Problem description —
Please write out the lines of the data exactly, beginning with the first and ending with the line containing "Sterling Silver 925"; leave the pictures behind.

Material supplied —
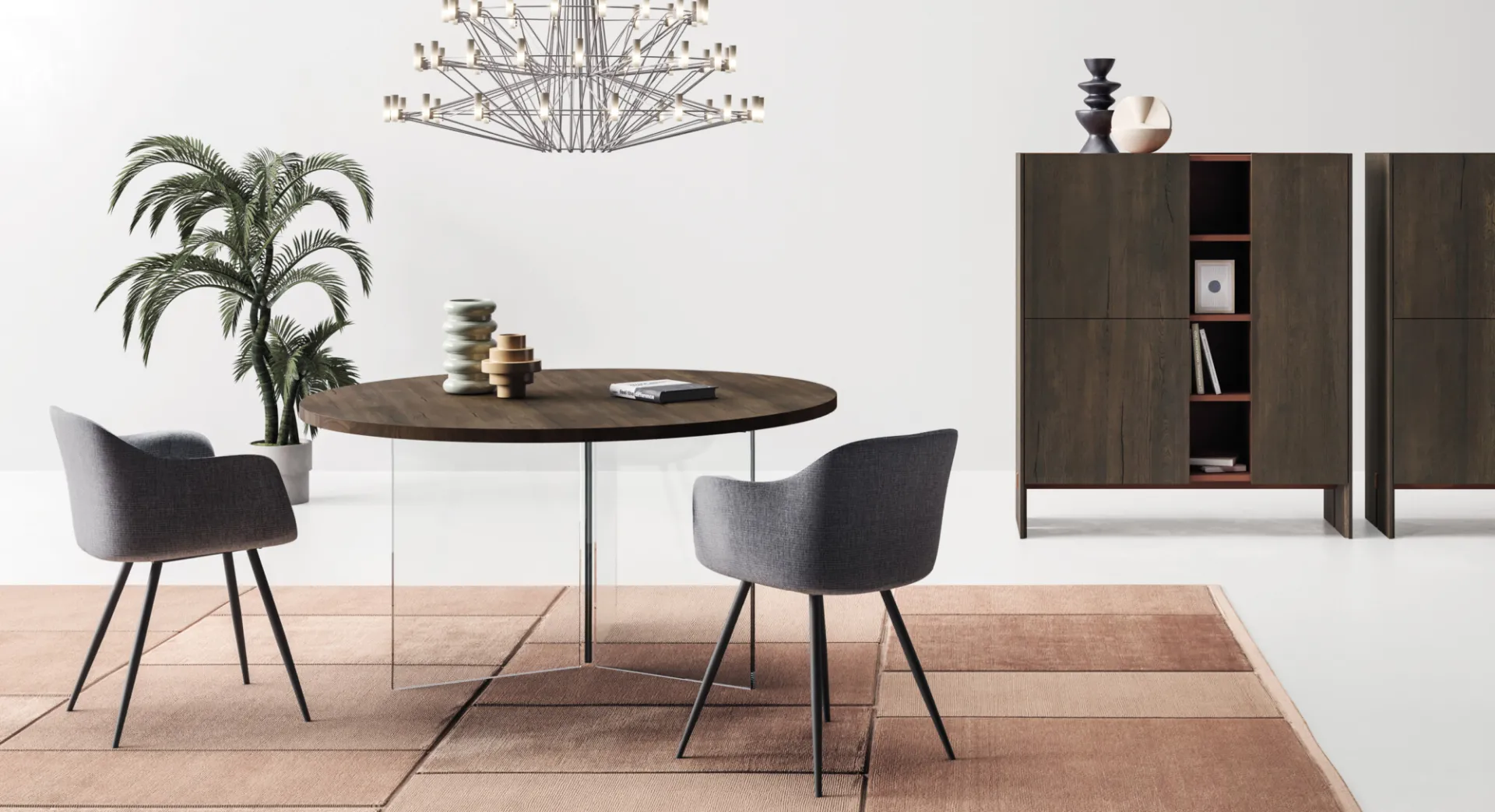 Tavolo rotondo Smart Ring Devina Nais su gambe in vetro con due poltroncine grigie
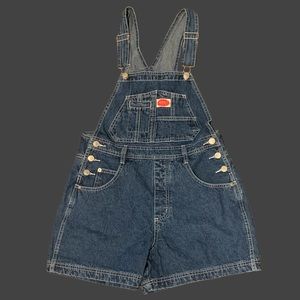 🦋 S size revolt women’s blue denim overall shorts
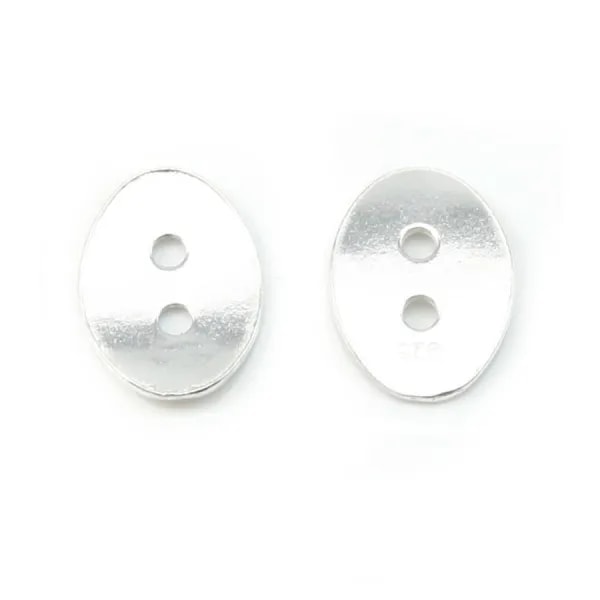 Sterling Silver 925 oval button 9.5x13mm x 5 pcs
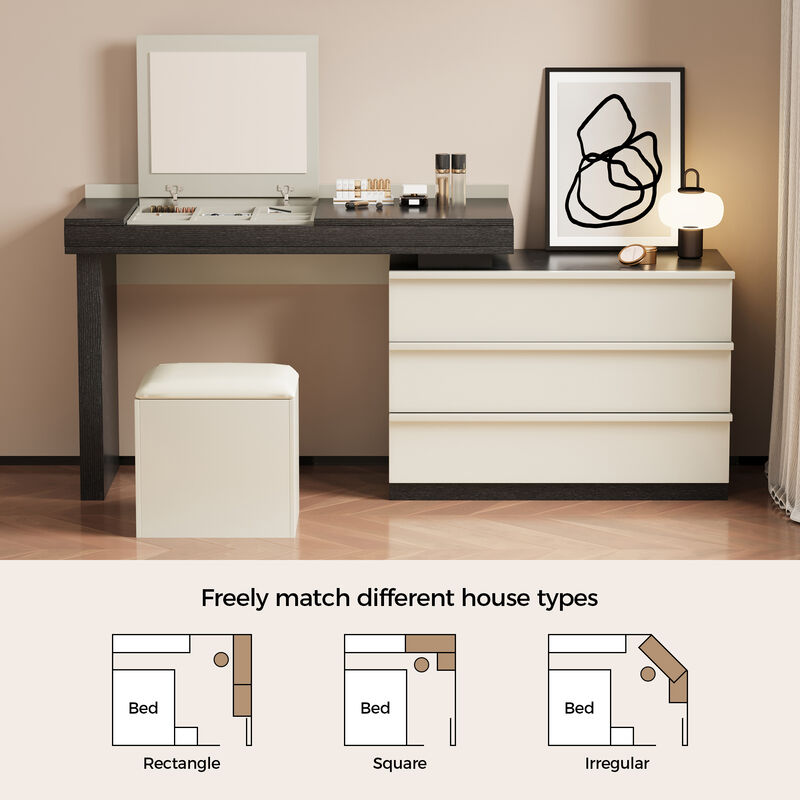 Adjustable L-Shaped Desk with Chair, 3 Drawers, Flippable Mirror & Storage Space for Writing & Vanity 47-70" Black & White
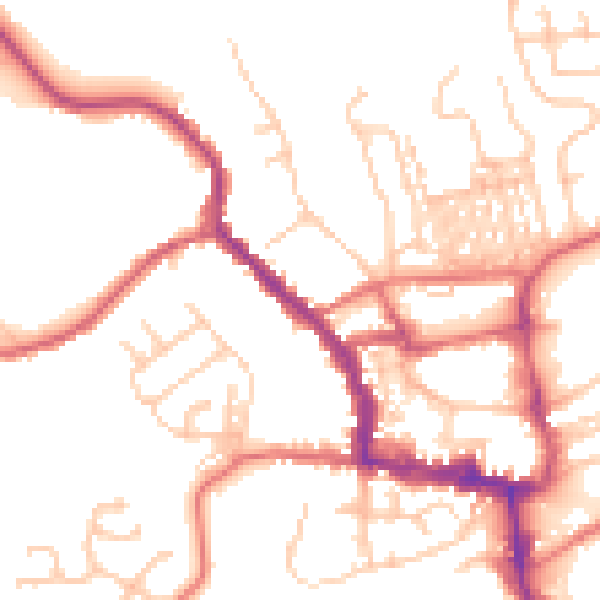 Daytime road noise heatmap for NE61 1BU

Output below —
 Tavolo rotondo Smart Ring Devina Nais su gambe in vetro con due poltroncine grigie
 🦋 S size revolt women’s blue denim overall shorts
 Sterling Silver 925 oval button 9.5x13mm x 5 pcs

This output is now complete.